• GOAL OF THE EXERCISE: With the pictures left out, transcribe exactly the lines from the one with "Apartamento en Planta" through the end of the data.

• DATA PROVIDED:
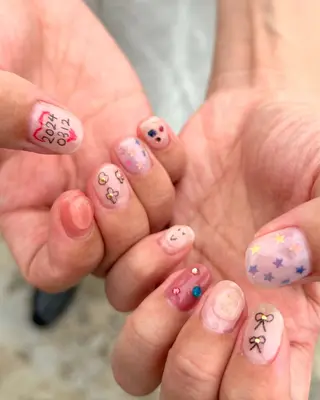 ネイル takara nail所属・takara射水高岡 マグネット韓国ポップのネイルデザイン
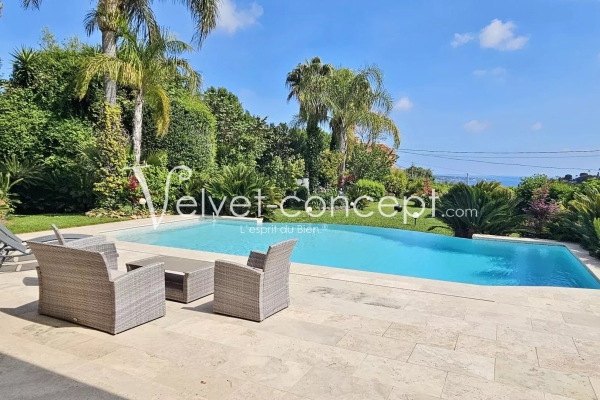 Maison de luxe à vendre à Antibes, 2 350 000 €, Photo 3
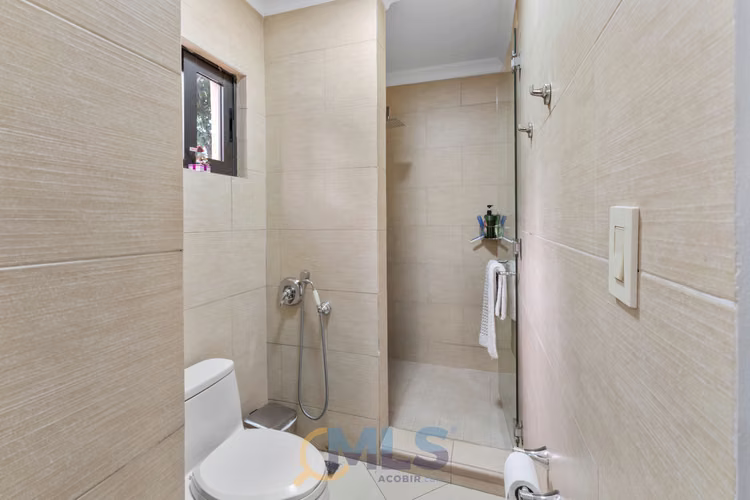 Apartamento en Planta Baja en Courtyard Residences PH Embassy Club - Imagen 14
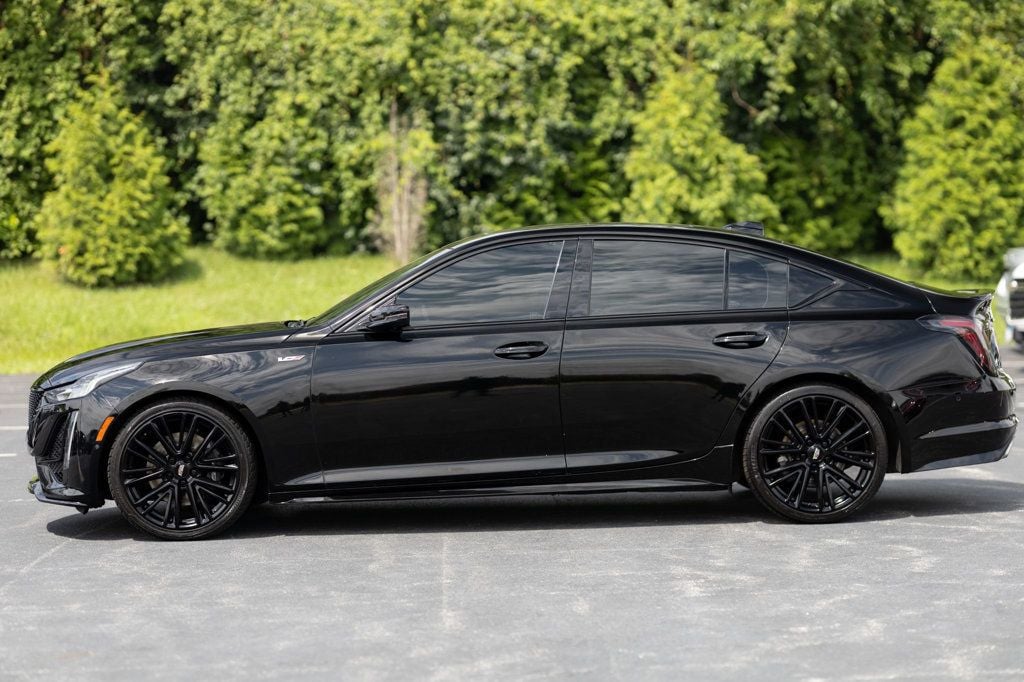 2021 Cadillac CT5 V photo 3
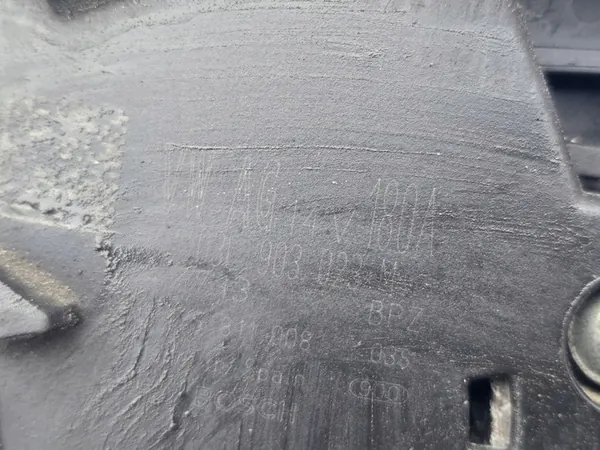 VW PASSAT B8 2.0 TDI Alternator 03L903023M image 8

• WRITTEN ANSWER:
 Apartamento en Planta Baja en Courtyard Residences PH Embassy Club - Imagen 14
 2021 Cadillac CT5 V photo 3
 VW PASSAT B8 2.0 TDI Alternator 03L903023M image 8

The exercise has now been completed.